Le jour de la riposte russe sur l'Ukraine, j'ai reçu comme réponse à mon annonce pour la présentation de mon livre, d'une dame que je connais la déclaration suivante: "Les nôtres bombardent Kiev, tout est fini, je ne ferai pas de commentaires". Suivait une vidéo, où un hiérarque ukrainien faisait un sermon apocalyptique sur la nécessité de se repentir d'urgence, de pardonner et autres conseils spirituels tout à fait valables, mais dont le caractère pressant et alarmiste indiquait que nous étions à la veille d'un Armaggedon retentissant, et j'ai failli m'épouvanter, mais j'ai quand même pour cela attendu la suite. Bon, pour l'instant, nous n'en sommes pas là. Attaque surprise sur les infrastructures, en riposte au sabotage de Nord Stream, à l'attentat du pont de Crimée. A chaque jour suffit sa peine.

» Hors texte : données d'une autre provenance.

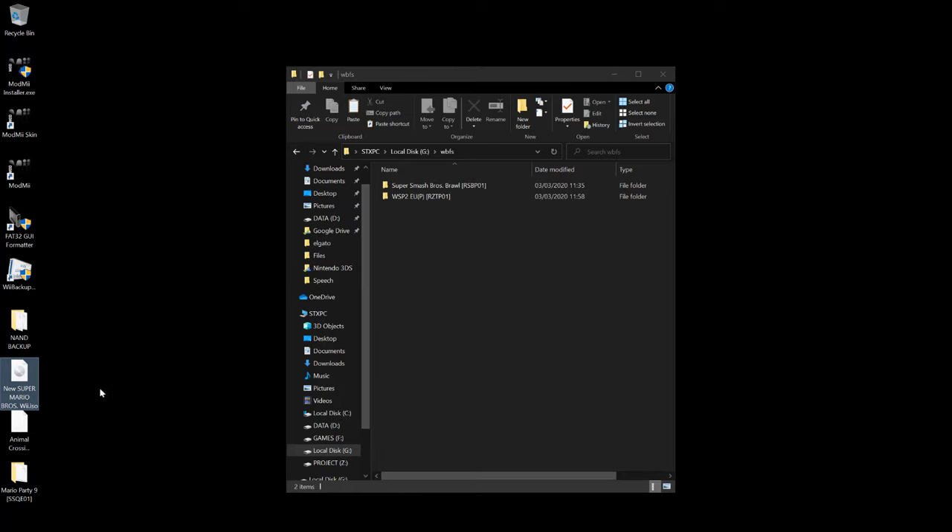Although the Nintendo Wii may be outdated, it is still fun to hack it and play those games. The next video will be about how to restore the Wii to stock firmware or remove the hack. Thanks for watching this guide and see you around.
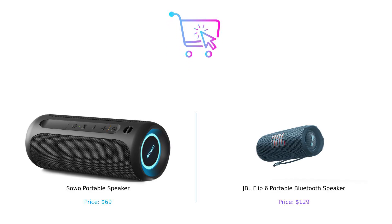So which speaker should you buy? If you want brilliant sound, a longer battery life, and a party in a box, the Soho portable speaker is your buddy. But if you're after that JBL sound quality and don't mind splurging a little, the Flip 6 is there for you, ready to rock your world. Remember folks, whether you choose Soho or JBL, just make sure you buy smart. Hit that like button, subscribe for more comparisons, and leave a comment below telling us which speaker you'd choose and why. Until next time, keep those wallets happy.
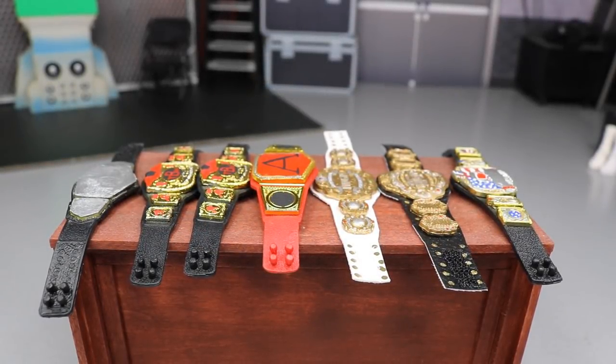Welcome back to another My Name Toys video. Today I have some more WWE action figure championship belt customs for you guys. A lot of them are works in progress and two of them are completed from a certain somebody that sells IWGP custom championship belts. We're going to get into it and show those off — they look incredible, and you guys can go purchase those for yourselves.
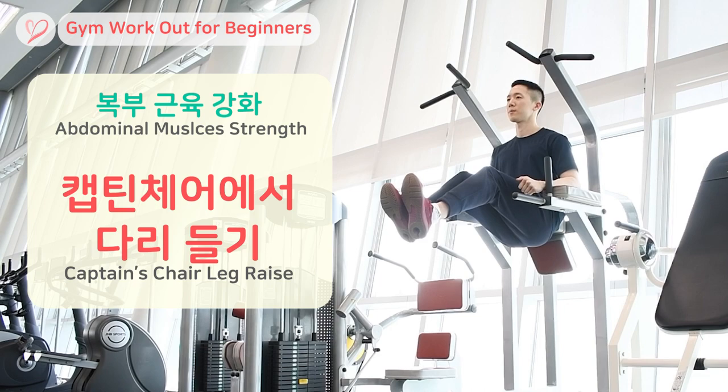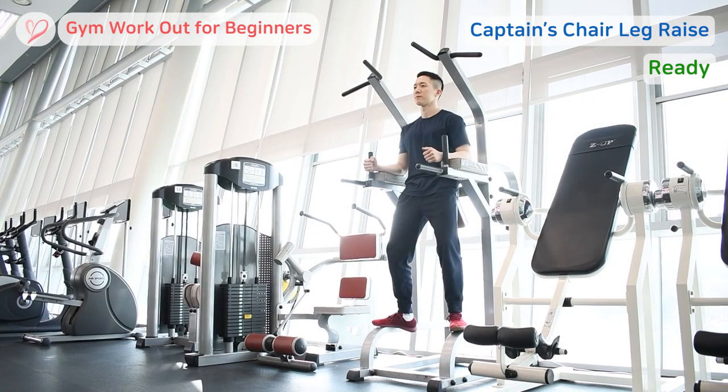Captain's chair leg raise is a great exercise for targeting your abdominal muscles. Stand in front of a captain's chair, ensuring that your back is pressed against the backrest and your feet are resting on the equipment. You can choose to grip the handles or not, selecting the option that feels more comfortable for you. Make sure your elbows are bent about 90 degrees right under your shoulders.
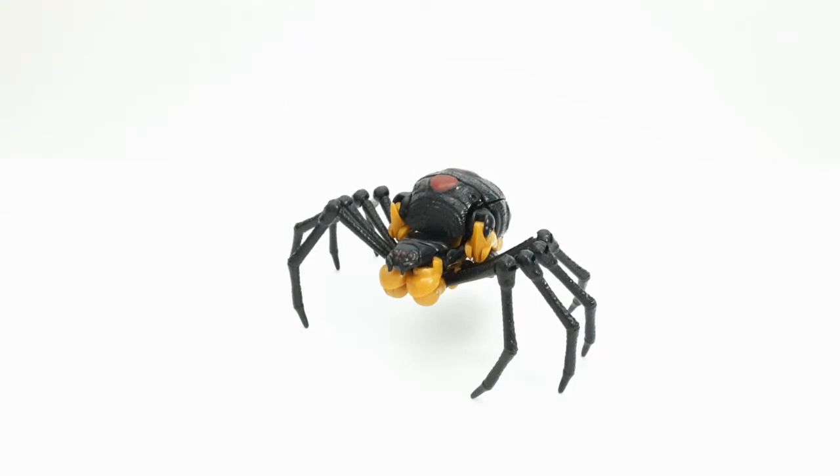Hey guys, it's Charles from Shork Reviews here, and today we're going to be finally reviewing the Transformers War for Cybertron Kingdom Deluxe Class Blackarachnia.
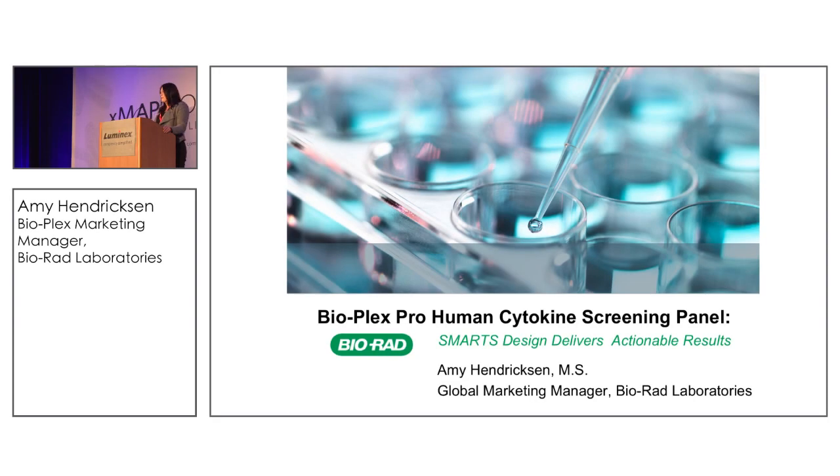I'm very excited. This is my second XMAP Connect event and I'm very happy to be here. As Sherry mentioned, I work for Bio-Rad Corporation and I'm going to talk to you today a little bit about our design philosophy at Bio-Rad in terms of designing our off-the-shelf kit solutions, and we're going to talk a little bit about the human cytokine screening panel.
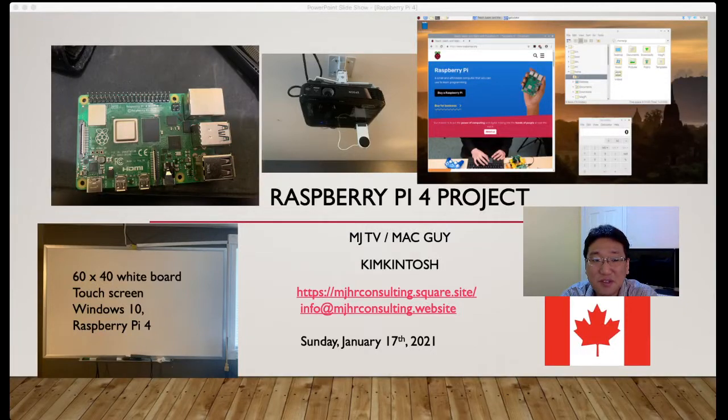Hi everyone. This is MJ Kim, MJ TV. Welcome to my YouTube channel. Today I want to introduce a very new project for me, which is called the Raspberry Pi 4 project.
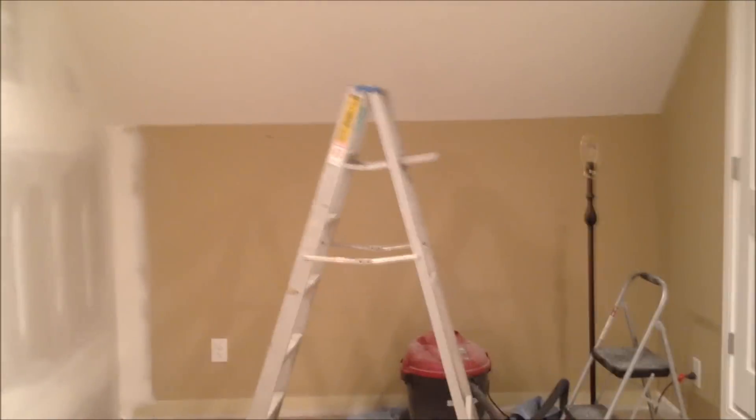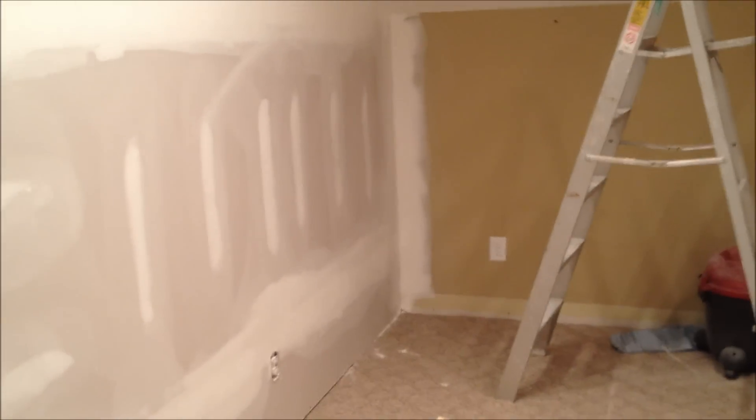So let there be light, and there was light! Hello YouTubers, my drywall guys just left a few minutes ago. The taping, mudding, and sanding is all finished, and I just finished putting the lights up in the tracks. Currently I've got four floodlights per side.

J'en discutais aujourd'hui avec Lika au café, elle me disait qu'il y avait comme cela des gens qu'il fallait tenir à distance, car la propagande consiste à agir sur les émotions, et à semer la panique et le doute. Ceux qui marchent là dedans deviennent toxiques pour les autres.
Pénétrée de la vérité de cette assertion, j'essaie de ne pas céder à l'angoisse. L'avant-veille de la riposte, chose curieuse, j'ai reçu un coup de fil de cette femme francophone très orthodoxe que j'avais rencontrée au monastère saint Nicétas, et qui m'avait emprunté un livre du père Placide. Elle vit maintenant très retirée dans un village perdu, loin des réseaux sociaux, comme une ermite, et voulait me racheter ce livre, dans lequel elle trouve sa nourrriture spirituelle. "Comment allez-vous? me demande-t-elle.
- Pas mal, la situation m'angoisse un peu.
- Il ne faut pas, voyons! Tout va bien, tout se déroule selon le plan. Et le pays commence à se purifier, c'est très positif. Tout ira bien! Ne vous faites pas de souci. Moi, j'ai confiance."
Ma voisine Ania n'était pas au courant, je lui ai appris les événements. "Enfin"... a-t-elle soupiré. Nous avons parlé des Français endoctrinés et des Russes qui ne comprennent rien: "Ce sont des gens instruits, me dit-elle, à croire que leur cerveau ne leur sert à rien, et ils nous prennent pour du bétail".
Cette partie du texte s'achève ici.